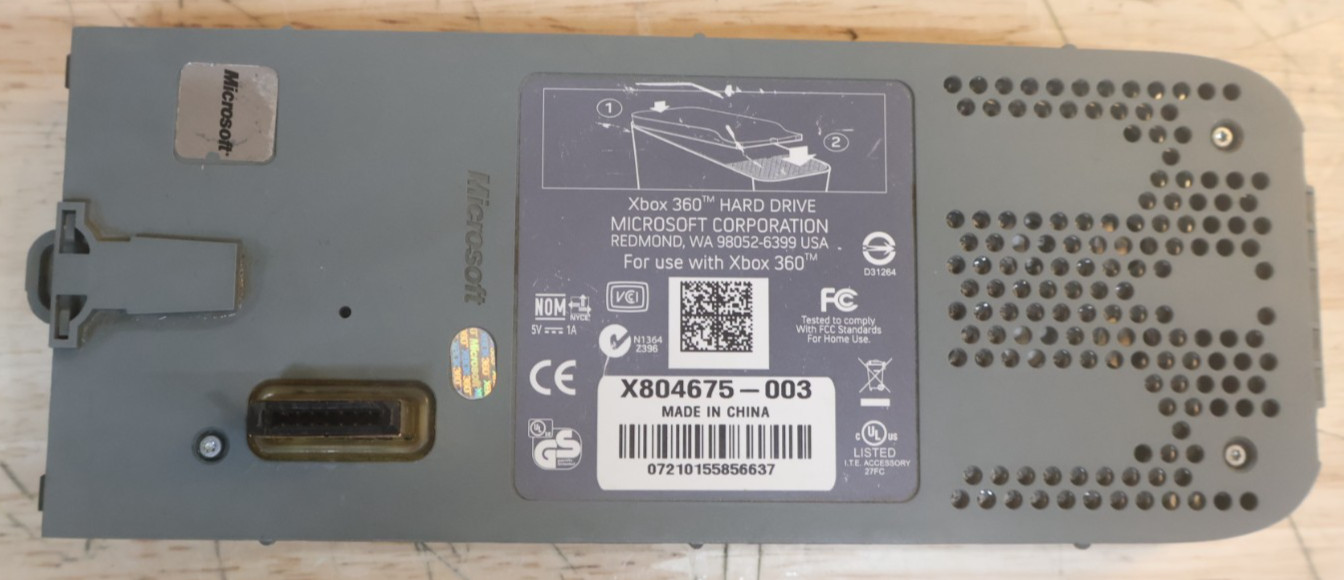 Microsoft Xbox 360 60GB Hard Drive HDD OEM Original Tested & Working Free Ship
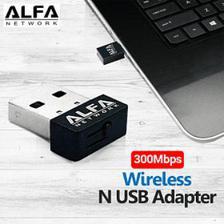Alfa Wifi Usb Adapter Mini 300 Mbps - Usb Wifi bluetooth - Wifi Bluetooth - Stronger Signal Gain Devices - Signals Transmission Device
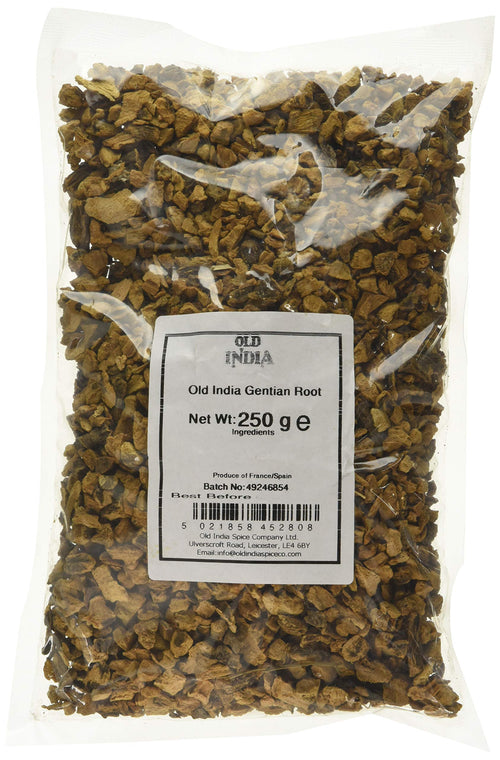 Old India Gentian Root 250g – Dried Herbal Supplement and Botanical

* * *

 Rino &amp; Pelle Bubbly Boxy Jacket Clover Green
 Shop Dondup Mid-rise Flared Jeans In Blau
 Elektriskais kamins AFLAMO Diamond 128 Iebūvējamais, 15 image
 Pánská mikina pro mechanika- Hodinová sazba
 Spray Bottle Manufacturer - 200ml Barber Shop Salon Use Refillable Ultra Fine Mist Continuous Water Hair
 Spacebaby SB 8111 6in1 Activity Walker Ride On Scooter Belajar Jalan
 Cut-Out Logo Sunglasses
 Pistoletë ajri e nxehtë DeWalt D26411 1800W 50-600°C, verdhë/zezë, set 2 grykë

* * *

Going through the entries, return every line holding the word "Shop".

**RESPONSE TO THIS TASK**
 Shop Dondup Mid-rise Flared Jeans In Blau
 Spray Bottle Manufacturer - 200ml Barber Shop Salon Use Refillable Ultra Fine Mist Continuous Water Hair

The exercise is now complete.